Top of RECORD EXCERPTS

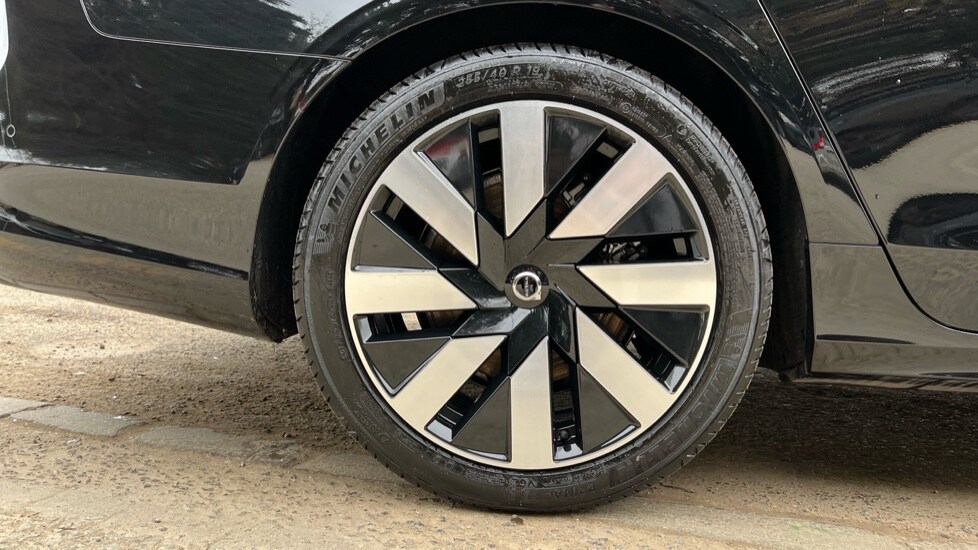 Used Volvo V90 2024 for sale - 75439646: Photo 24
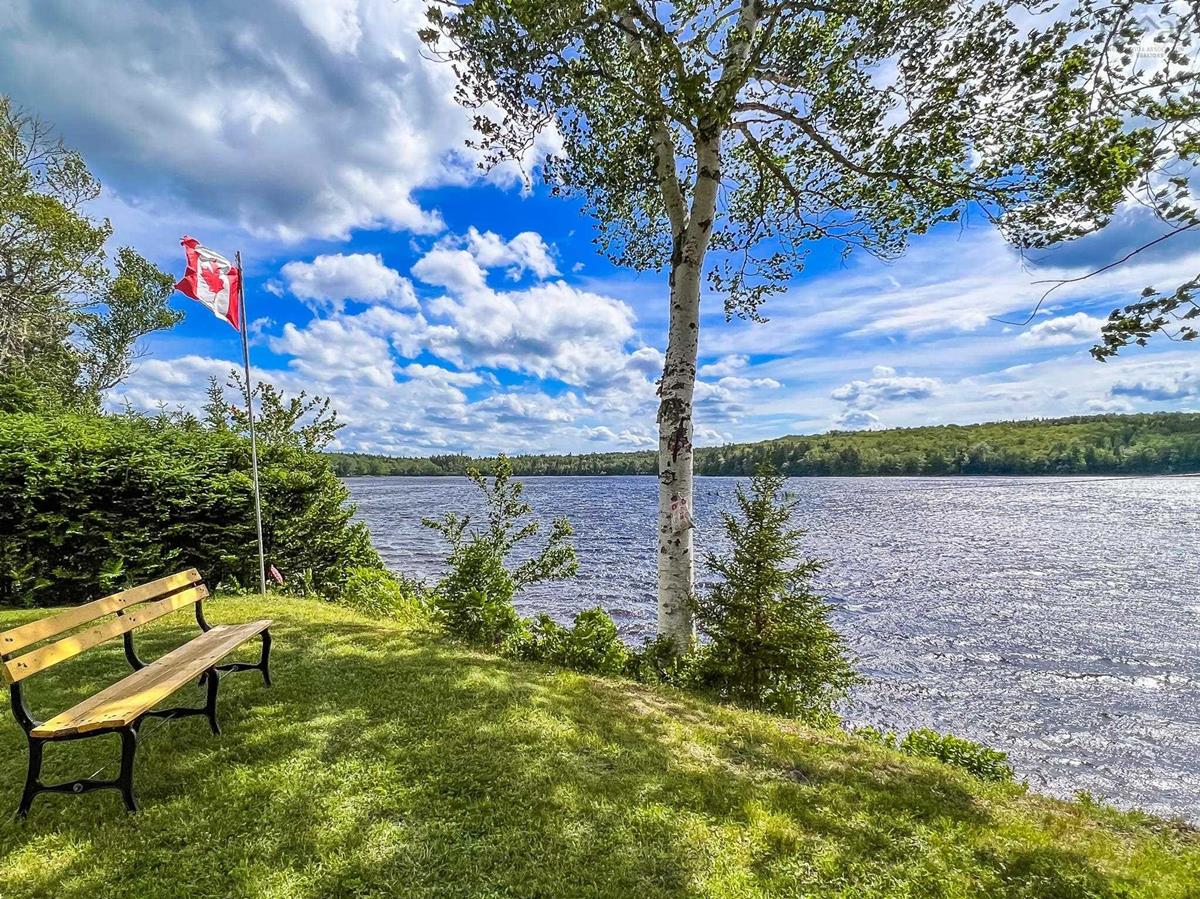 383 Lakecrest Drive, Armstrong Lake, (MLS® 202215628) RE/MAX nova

Bottom of RECORD EXCERPTS
Top of RECORD EXCERPTS

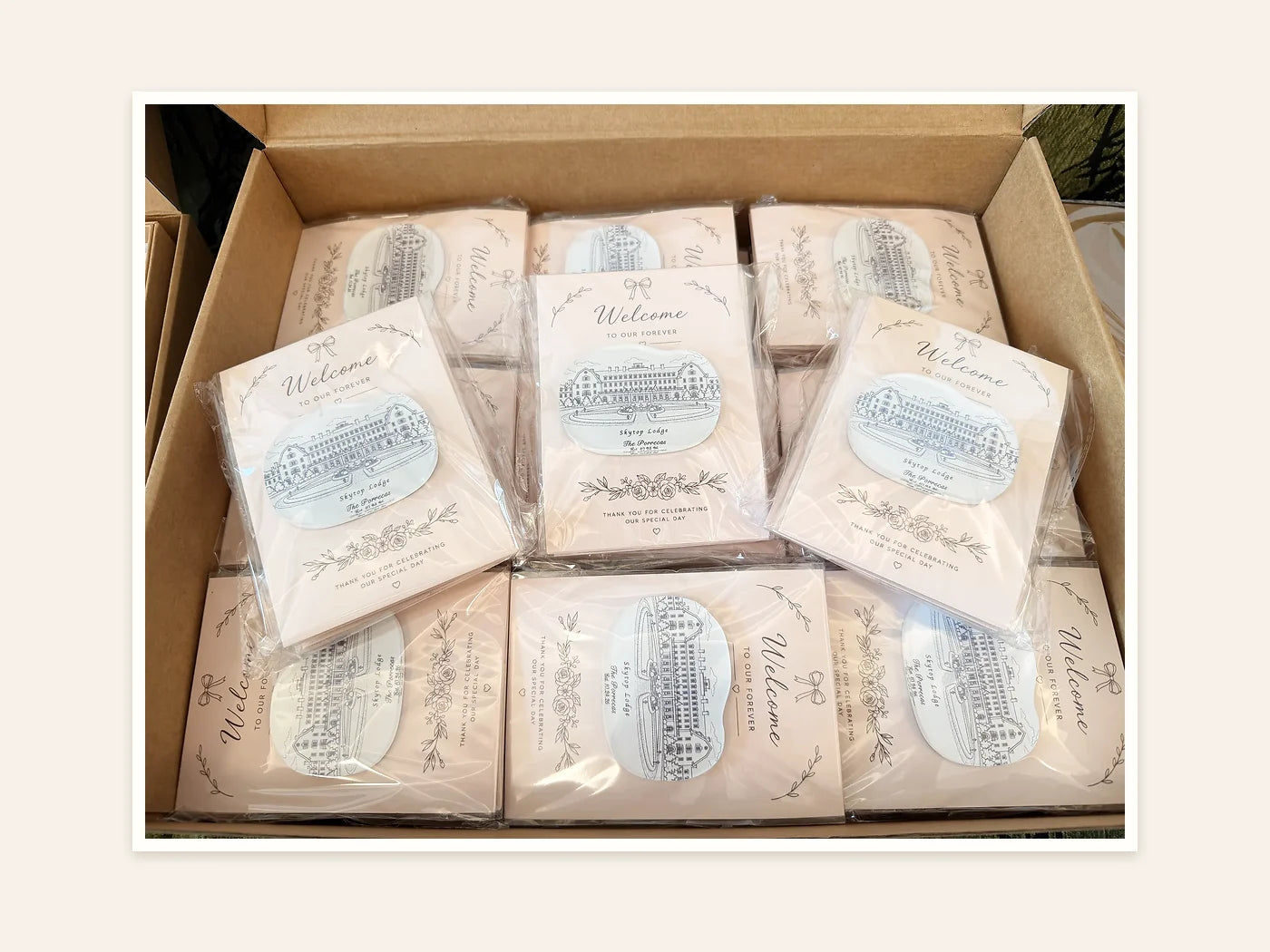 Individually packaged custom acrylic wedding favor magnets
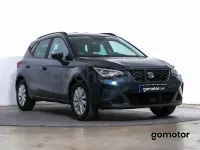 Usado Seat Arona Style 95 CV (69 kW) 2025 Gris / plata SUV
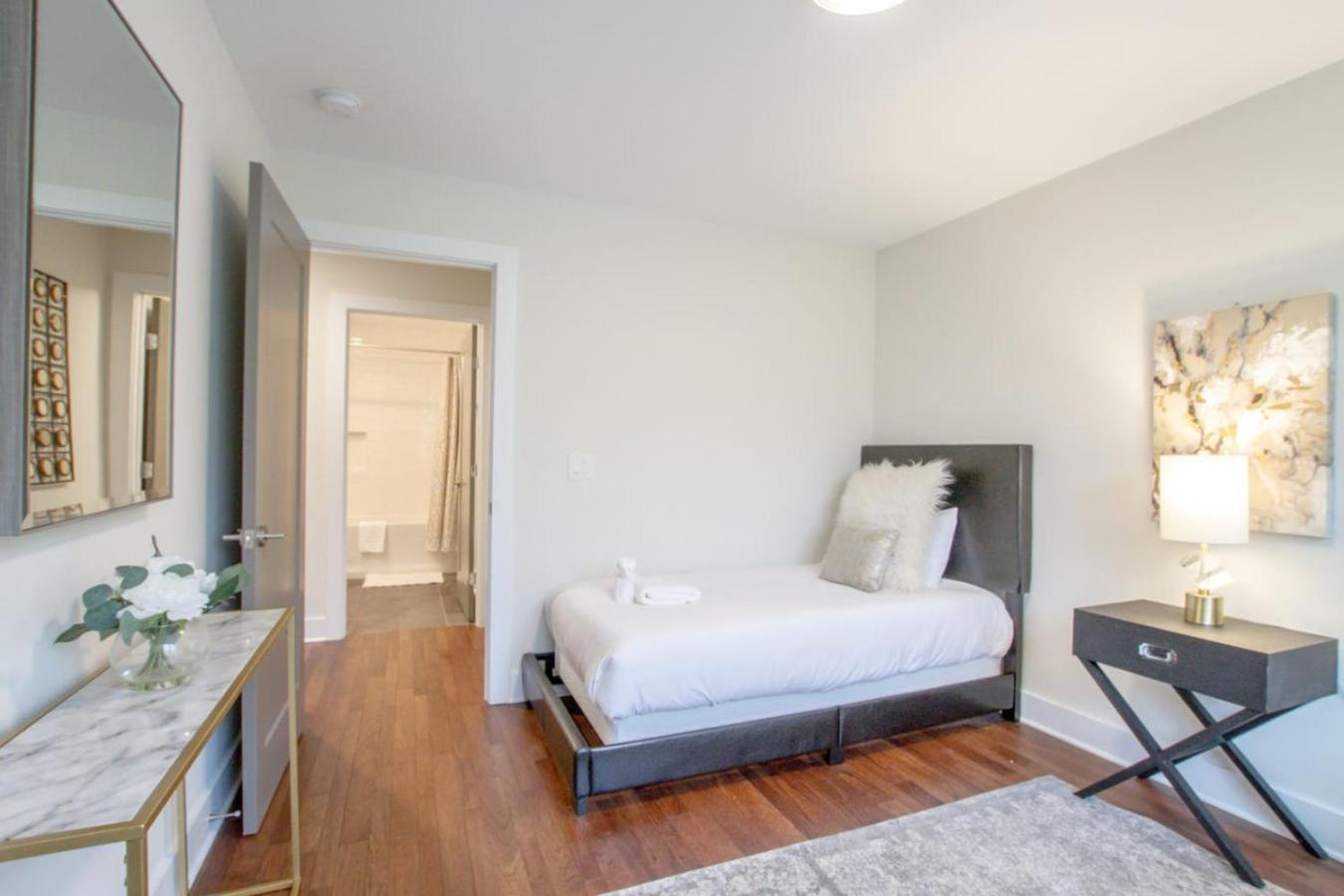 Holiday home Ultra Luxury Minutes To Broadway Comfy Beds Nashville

Bottom of RECORD EXCERPTS

PROBLEM
Reproduce the data above exactly, but only from the line containing "Individually packaged custom" through the line containing "Holiday home Ultra". Omit all pictures.

SOLUTION FOR THIS PROBLEM
 Individually packaged custom acrylic wedding favor magnets
 Usado Seat Arona Style 95 CV (69 kW) 2025 Gris / plata SUV
 Holiday home Ultra Luxury Minutes To Broadway Comfy Beds Nashville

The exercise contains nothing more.